*** Block opens ***
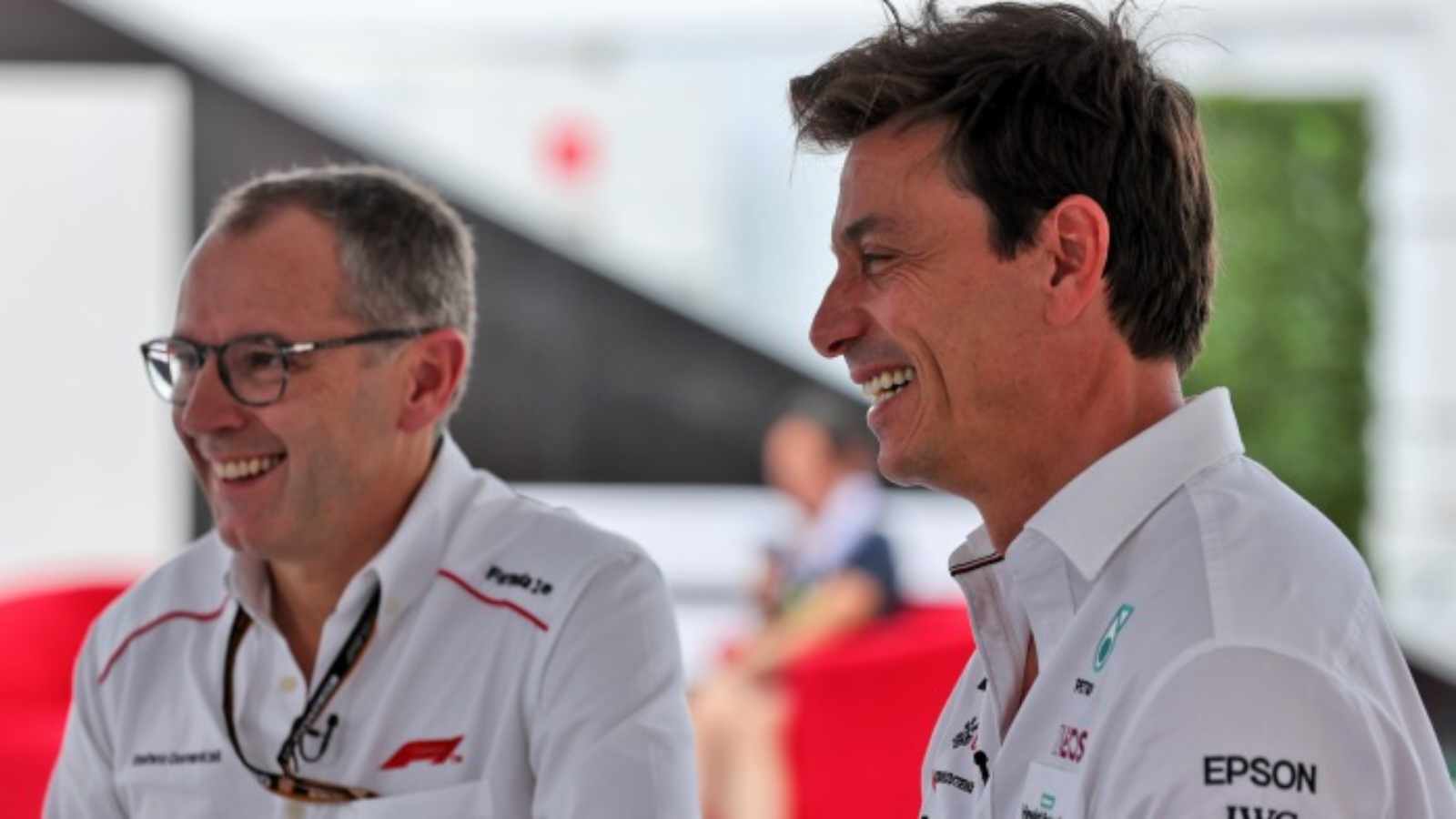 “I don’t see a weakness in the number of teams,” Stefano Domenicali defends Toto Wolff after Mario Andretti voiced his objection to the Austrian’s viewpoint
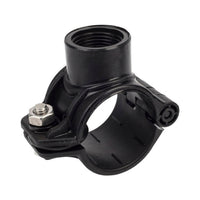 Poly Rural Tapping Saddle (Single Bolt) 1 1/4" x 1" BSP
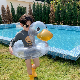  Cartoon Children′s Swimsuit Boys Smiley Long Sleeve One-Piece Zipper Quick-Drying Kids Swimwear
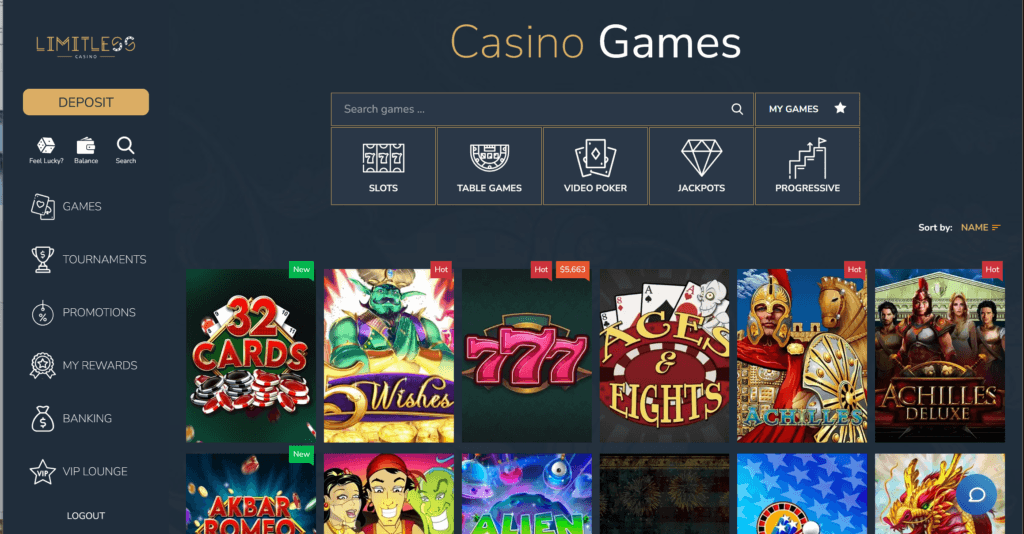 Limitless Casino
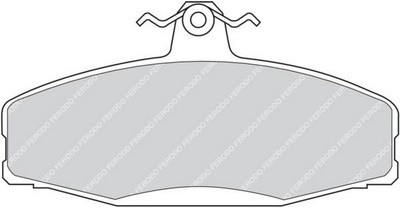 FERODO FEDERAL-MOGUL)) FDB610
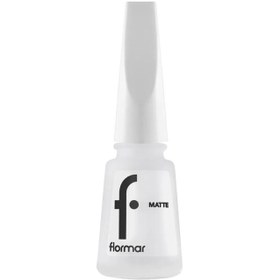 Resim Flormar Matte Oje No: M01 White Board 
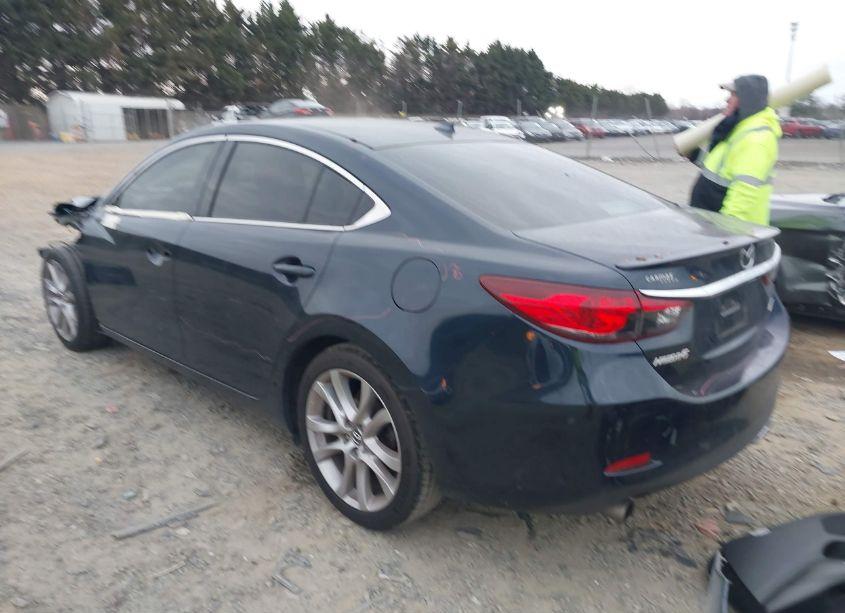 Photo 3 of 2015 Mazda Mazda6 I TOURING (VIN JM1GJ1V56F1188869)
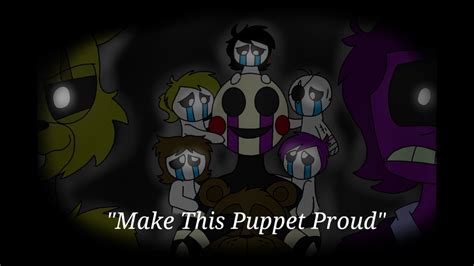 "Make This Puppet Proud" - FNAF Animation (Song by Adam Hoek) - YouTube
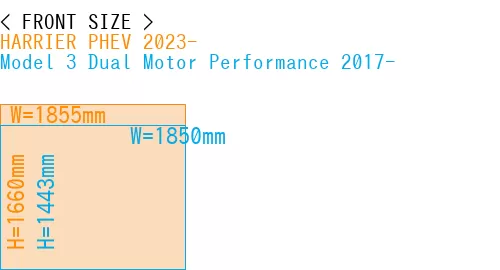 #HARRIER PHEV 2023- + Model 3 Dual Motor Performance 2017-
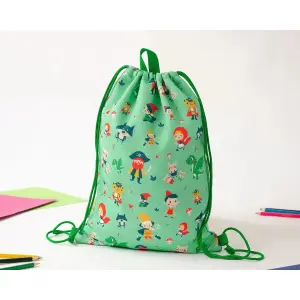 Σακίδιο με κορδόνια Kiokids image-1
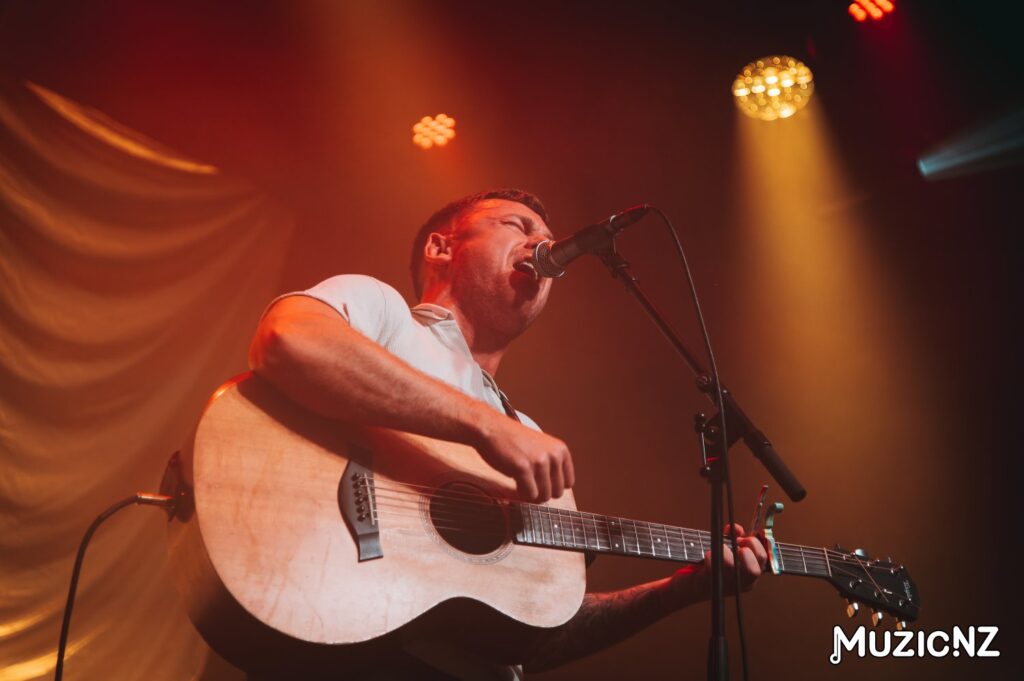 Mitch James @ The Powerstation, Auckland 15/07/2023
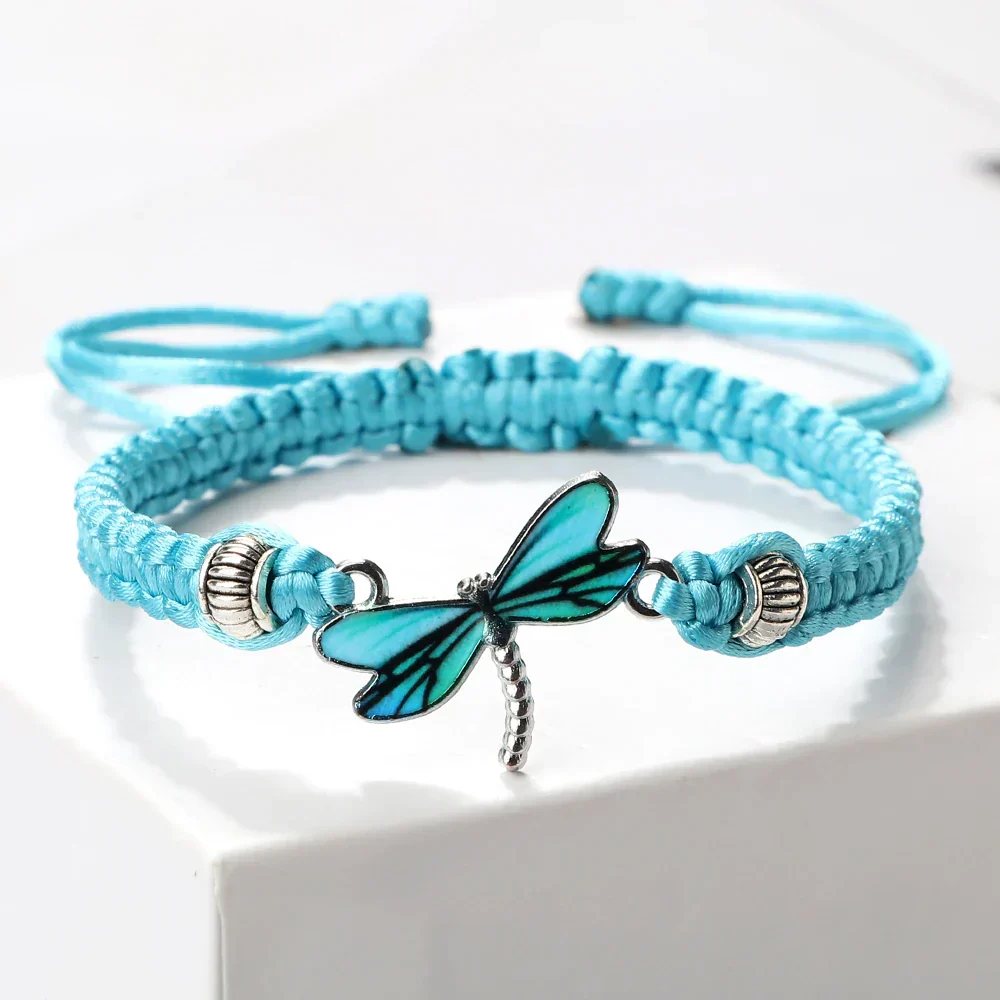 Dragonfly Dreams Handwoven Bracelet - Image 6
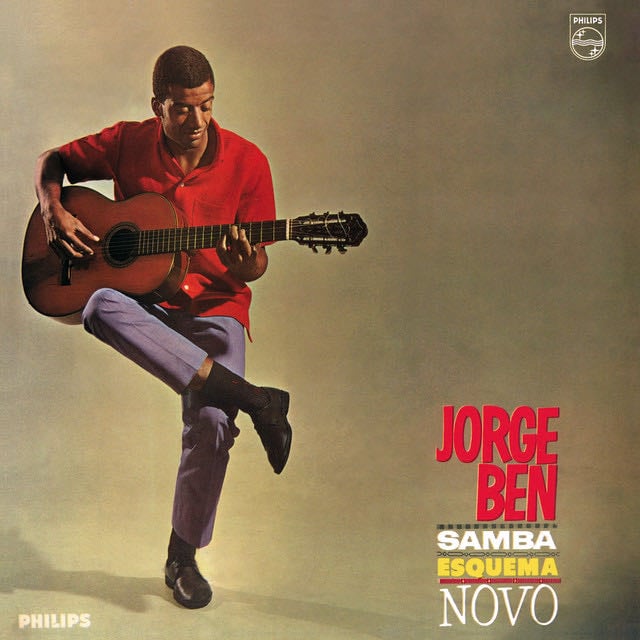 Samba Esquema Novo - Album · Jorge Ben Jor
*** Block closes ***
> [PROMPT]
Apart from the pictures, all of the data should be repeated exactly.

> [EXERCISE OUTPUT]
 “I don’t see a weakness in the number of teams,” Stefano Domenicali defends Toto Wolff after Mario Andretti voiced his objection to the Austrian’s viewpoint
 Poly Rural Tapping Saddle (Single Bolt) 1 1/4" x 1" BSP
  Cartoon Children′s Swimsuit Boys Smiley Long Sleeve One-Piece Zipper Quick-Drying Kids Swimwear
 Limitless Casino
 FERODO FEDERAL-MOGUL)) FDB610
 Resim Flormar Matte Oje No: M01 White Board 
 Photo 3 of 2015 Mazda Mazda6 I TOURING (VIN JM1GJ1V56F1188869)
 "Make This Puppet Proud" - FNAF Animation (Song by Adam Hoek) - YouTube
 #HARRIER PHEV 2023- + Model 3 Dual Motor Performance 2017-
 Σακίδιο με κορδόνια Kiokids image-1
 Mitch James @ The Powerstation, Auckland 15/07/2023
 Dragonfly Dreams Handwoven Bracelet - Image 6
 Samba Esquema Novo - Album · Jorge Ben Jor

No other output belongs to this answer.